Hace unos dos meses, la Carrie Haddad Gallery de Hudson, Nueva York, recibió una pregunta de Irlanda sobre si podían identificar un retrato como un Bill Sullivan. Solicité una fotografía a la galería e inmediatamente reconocí la inconfundible firma de Bill. También reconocí el candelabro – justo a la izquierda de la persona- que Bill poseía hasta su muerte. El retrato está fechado en 1970, año en que Bill tuvo su primera exposición individual en la Galería Bowery. Pocas personas saben que en su adolescencia, Bill se había enamorado de las pinturas de El Greco y Velázquez. Cuando le mostré la foto del retrato a Isaías Fanlo, de inmediato dijo: «Me recuerda a El Greco».

El dueño de la pintura en Irlanda quería venderla, y yo sabía que tenía que comprarla. Cuando llegó a mi apartamento, me sorprendió que fuera mucho más grande de lo que pensaba. También estaba en perfectas condiciones, como si hubiera sido pintado en 2019, no hace casi 50 años.
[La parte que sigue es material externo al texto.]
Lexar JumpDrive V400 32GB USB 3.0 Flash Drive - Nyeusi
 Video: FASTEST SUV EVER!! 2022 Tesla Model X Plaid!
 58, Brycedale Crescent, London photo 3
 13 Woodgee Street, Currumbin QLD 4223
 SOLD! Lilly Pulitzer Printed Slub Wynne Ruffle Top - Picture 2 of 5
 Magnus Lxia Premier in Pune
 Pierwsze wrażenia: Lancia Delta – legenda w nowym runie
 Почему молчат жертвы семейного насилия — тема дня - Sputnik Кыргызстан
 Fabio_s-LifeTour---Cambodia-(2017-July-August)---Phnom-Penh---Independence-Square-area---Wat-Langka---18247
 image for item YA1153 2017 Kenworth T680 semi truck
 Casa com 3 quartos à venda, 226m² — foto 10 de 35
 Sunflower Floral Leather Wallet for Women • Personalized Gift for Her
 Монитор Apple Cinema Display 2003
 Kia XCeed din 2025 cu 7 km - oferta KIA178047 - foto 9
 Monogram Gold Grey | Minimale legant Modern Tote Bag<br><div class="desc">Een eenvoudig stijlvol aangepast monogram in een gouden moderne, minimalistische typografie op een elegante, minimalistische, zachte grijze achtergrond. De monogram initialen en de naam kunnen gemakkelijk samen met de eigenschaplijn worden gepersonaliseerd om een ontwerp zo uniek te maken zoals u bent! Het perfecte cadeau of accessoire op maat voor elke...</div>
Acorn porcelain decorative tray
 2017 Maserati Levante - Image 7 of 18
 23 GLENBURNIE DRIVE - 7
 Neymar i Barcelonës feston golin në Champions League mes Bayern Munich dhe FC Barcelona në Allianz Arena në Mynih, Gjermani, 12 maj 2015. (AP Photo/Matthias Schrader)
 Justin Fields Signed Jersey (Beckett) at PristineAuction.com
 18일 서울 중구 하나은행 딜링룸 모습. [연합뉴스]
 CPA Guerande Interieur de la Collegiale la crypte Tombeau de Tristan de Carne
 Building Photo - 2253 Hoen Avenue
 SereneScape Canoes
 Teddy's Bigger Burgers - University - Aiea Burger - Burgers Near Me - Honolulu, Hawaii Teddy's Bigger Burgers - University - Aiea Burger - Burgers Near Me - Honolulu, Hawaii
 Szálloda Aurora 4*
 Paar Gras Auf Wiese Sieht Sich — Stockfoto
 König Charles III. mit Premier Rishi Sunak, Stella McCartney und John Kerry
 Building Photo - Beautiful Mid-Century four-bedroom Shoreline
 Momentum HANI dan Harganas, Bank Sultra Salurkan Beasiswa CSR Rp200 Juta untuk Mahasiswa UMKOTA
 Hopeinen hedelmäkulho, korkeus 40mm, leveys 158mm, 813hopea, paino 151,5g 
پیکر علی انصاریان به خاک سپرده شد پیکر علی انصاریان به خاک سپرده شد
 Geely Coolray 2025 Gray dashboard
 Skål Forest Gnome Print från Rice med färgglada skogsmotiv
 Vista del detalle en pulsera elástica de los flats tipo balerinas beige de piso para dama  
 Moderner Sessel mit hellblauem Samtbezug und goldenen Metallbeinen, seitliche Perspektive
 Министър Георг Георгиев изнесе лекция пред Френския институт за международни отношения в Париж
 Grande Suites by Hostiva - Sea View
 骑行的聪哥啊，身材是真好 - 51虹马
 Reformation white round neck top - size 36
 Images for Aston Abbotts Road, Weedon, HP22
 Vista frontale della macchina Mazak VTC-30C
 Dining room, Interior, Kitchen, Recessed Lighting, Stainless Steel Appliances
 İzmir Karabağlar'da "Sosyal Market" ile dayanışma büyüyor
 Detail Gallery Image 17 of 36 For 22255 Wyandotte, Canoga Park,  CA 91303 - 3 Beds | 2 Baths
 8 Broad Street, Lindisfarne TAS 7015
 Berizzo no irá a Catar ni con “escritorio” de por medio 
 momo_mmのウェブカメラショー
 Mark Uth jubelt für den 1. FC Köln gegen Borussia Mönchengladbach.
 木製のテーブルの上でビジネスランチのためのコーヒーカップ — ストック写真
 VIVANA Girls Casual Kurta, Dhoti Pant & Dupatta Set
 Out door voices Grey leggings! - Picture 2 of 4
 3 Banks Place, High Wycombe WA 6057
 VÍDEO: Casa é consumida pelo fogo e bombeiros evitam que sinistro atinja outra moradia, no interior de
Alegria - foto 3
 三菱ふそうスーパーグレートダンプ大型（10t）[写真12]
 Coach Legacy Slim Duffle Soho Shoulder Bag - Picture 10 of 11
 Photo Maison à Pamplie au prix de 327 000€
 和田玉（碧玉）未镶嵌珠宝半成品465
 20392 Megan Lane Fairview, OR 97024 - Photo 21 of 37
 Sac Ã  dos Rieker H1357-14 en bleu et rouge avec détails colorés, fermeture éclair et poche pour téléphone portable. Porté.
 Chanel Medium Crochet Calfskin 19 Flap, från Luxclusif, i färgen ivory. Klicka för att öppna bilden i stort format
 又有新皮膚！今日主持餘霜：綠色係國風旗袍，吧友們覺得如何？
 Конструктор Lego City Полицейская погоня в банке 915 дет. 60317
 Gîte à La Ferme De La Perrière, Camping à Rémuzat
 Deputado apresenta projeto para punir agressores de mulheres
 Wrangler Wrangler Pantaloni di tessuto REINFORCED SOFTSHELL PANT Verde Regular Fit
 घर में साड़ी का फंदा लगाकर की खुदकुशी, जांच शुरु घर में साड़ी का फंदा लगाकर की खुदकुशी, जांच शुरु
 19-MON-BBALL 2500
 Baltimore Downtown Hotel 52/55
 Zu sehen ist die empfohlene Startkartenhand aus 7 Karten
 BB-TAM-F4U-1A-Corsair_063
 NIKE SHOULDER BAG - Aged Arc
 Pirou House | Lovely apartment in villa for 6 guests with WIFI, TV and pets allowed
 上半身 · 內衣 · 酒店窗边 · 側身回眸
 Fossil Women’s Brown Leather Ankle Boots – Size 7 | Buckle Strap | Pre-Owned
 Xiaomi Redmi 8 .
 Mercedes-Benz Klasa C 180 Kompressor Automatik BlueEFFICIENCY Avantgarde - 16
Le pregunté a Erin Clermont, que era una amiga cercana de Bill en ese entonces, si podía identificar a la persona, y me dijo: «Probablemente era uno de los jóvenes guapos de los que Bill siempre estuvo enamorado». Para mí está claro que sólo un pintor enamorado de su sujeto podría haber captado la expresión maliciosa pero íntima en los ojos de la persona sentada; y sólo alguien que hubiera deseado a este apuesto joven podría haber pintado su labio inferior de color rojo y tan carnoso y seductor. Hay algo muy conmovedor en el joven cuyos ojos brillan con el resplandor que adquirimos cuando estamos enamorados.

La pintura ahora cuelga en mi pequeña sala de estar/estudio en el West Village. Esto abruma completamente a todas las demás pinturas y objetos de la sala. Desde su llegada, he escrito en mi cabeza varias historias sobre la identidad de este joven. ¿Quién era él? ¿Todavía está vivo? ¿Cuánto tiempo duró su aventura/relación/momento de amor con Bill? ¿Días? ¿Semanas? ¿Meses? ¿Cómo terminó el cuadro en Irlanda? ¿Y cómo, casi cinco décadas después, me llegó sin un solo rasguño, sin una arruga?

Me resulta imposible no pensar en la inmortal novela de Oscar Wilde El retrato de Dorian Grey, excepto que en este caso somos nosotros (Bill, yo, y tal vez el chico, si todavía está vivo) los que hemos envejecido. Al igual que nuestro mundo, tan diferente de finales de los 60 y principios de los 70, cuando éramos jóvenes, soñando utopías, empeñados en cambiar las viejas estructuras inútiles y los prejuicios, y en crear nuevas formas de interactuar unos con otros. Sin embargo, el chico del retrato de Bill conserva una especie de inocencia, una chispa, un aire incorrupto, atrapado para siempre en el esplendor de su juventud.

Feliz 42 aniversario, mi querido Bill. Siempre dijiste que la noche en que salimos de Julius’ había fuegos artificiales y que continuaron los años en que compartimos nuestras vidas. Te has ido de este mundo, pero tu arte sigue diciendo tu verdad.


JAIME MANRIQUE es un novelista, poeta, ensayista y traductor colombiano que escribe tanto en inglés como en español, y cuya obra ha sido traducida a quince idiomas. Entre sus publicaciones en inglés se encuentran las novelas Colombian Gold, Latin Moon in Manhattan, Twilight at the Equator, Our Lives Are the Rivers y Cervantes Street; también ha publicado las memorias Eminent Maricones: Arenas, Lorca, Puig and Me. Sus honores incluyen el Premio Nacional de Poesía de Colombia, el Premio Internacional del Libro Latino 2007 (Mejor Novela, Ficción Histórica), y una Beca Guggenheim. Es un distinguido profesor del Departamento de Lenguas y Literaturas Modernas y Clásicas del City College de Nueva York. Like This Afternoon Forever es su última novela.